PROBLEM DESCRIPTION ▸ Write out the records below word for word, please.

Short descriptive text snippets
= Beginning of Section =

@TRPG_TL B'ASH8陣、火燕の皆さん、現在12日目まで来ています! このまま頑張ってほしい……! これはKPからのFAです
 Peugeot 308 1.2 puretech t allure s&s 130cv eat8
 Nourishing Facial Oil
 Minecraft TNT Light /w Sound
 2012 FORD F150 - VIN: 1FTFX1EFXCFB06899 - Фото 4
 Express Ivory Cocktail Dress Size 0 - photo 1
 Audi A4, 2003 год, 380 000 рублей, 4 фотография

= End of Section =

SOLUTION FOR THIS PROBLEM ▸
@TRPG_TL B'ASH8陣、火燕の皆さん、現在12日目まで来ています! このまま頑張ってほしい……! これはKPからのFAです
 Peugeot 308 1.2 puretech t allure s&s 130cv eat8
 Nourishing Facial Oil
 Minecraft TNT Light /w Sound
 2012 FORD F150 - VIN: 1FTFX1EFXCFB06899 - Фото 4
 Express Ivory Cocktail Dress Size 0 - photo 1
 Audi A4, 2003 год, 380 000 рублей, 4 фотография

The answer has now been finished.